The game is out in dozens of countries, and a great number of them experience some sort of seasonal change; the ones that don’t, or even the ones with regions that don’t, are exempt from being lumped into this. For example, the average daily temperature in Los Angeles this time of year is about 64 degrees. Other than the aggressive amount of rain the area recently received, that’s lovely weather to take a stroll and catch a brand new Sneasel in. On the other side of the globe, New Delhi, India’s, average temperature this time of year is about 74 degrees. Places like this don’t need to worry about city-closing snowstorms and sub-zero temperatures getting in the way of their quest to be the very best like no one ever was.
Niantic, the San Francisco-based company that created this mobile app, apparently forgot that other parts of the world experience proper winters. While their city basks in February temperatures that usually hover around 60 degrees, residents of cities such as Madison, Wisconsin, need to consider whether or not a Chikorita is worth braving 31 degrees.
This is what Boston looked like on Feb. 9, 2017. [Photo credit Jesse Costa/WBUR]

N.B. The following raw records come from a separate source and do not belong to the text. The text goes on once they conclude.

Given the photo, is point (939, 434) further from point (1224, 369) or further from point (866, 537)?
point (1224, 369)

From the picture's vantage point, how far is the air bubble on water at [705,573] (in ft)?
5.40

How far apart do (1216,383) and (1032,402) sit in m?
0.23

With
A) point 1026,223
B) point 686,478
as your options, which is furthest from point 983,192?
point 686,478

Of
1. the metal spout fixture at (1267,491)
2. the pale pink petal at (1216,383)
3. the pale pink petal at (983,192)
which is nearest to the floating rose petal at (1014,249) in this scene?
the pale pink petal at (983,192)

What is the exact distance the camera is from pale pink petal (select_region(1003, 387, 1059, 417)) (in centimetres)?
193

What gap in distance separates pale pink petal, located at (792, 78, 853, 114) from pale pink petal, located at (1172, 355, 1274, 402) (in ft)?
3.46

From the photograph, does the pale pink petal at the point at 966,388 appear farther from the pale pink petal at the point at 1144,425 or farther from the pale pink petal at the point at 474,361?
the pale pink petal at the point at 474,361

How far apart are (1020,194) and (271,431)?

Pokémon Go was a monstrous success partially because of the international nostalgia-stroking appeal of Pokémon and partially because they released it in the United States on July 6, a time of year that has decent weather no matter where you live in this country. Taking your phone along for an afternoon stroll to capture a nearby gym was easy—our parents always tell us to get out more, and this way we got to do it while playing a moderately passable excuse for a video game.
This recent addition of Generation Two Pokémon—first introduced in 1999 when Pokémon Silver and Gold hit shelves—is a great idea to keep consumer interest focused on what was once arguably the most popular mobile app in the United States. Niantic still hasn’t released information on where to catch a legendary Pokémon, but players can add nearly 100 more creatures to their phones by logging back in and aimlessly wandering around fields. They’ve even added two new names for Eevee to give easy access to its dark and psychic-type Eeveelutions.
Unfortunately, their timing is terrible. There’s no way the number of people playing this game will reach the same levels it achieved last summer because they chose to release what can effectively be called a sequel in the middle of winter. Cities such as Boston, Madison and New York have weeks of snow on the horizon, closely followed by cold and slushy streets for weeks after that. The global audience living in warmer climates might give their numbers a nice bump for now, but how much more effective could this update have been if it dropped exactly one year after the initial release, complete with the ability to battle and a proper tracking system?